▸ Records for this exercise
== Segment start ==
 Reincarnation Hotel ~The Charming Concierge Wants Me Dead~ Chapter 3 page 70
== Segment end ==
== Segment start ==
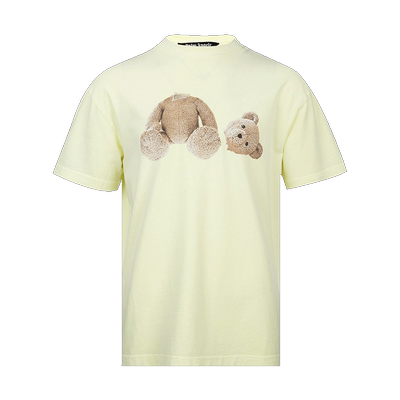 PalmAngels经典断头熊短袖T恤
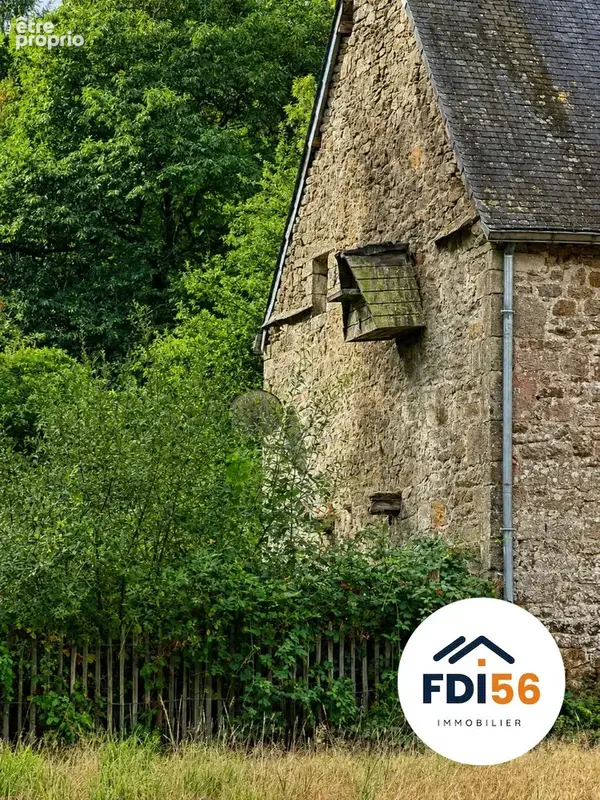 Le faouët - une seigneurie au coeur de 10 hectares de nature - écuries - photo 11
== Segment end ==
== Segment start ==
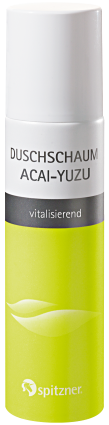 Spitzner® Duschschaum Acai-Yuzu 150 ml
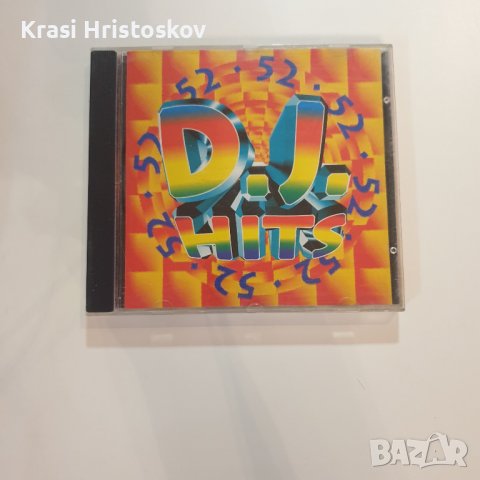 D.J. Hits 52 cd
== Segment end ==
Exactly the lines above from the one that contains "Spitzner® Duschschaum Acai-Yuzu 150 ml" down to the one that contains "D.J. Hits 52 cd" are to be output, both ends kept and pictures omitted.

▸ Answer section
 Spitzner® Duschschaum Acai-Yuzu 150 ml
 D.J. Hits 52 cd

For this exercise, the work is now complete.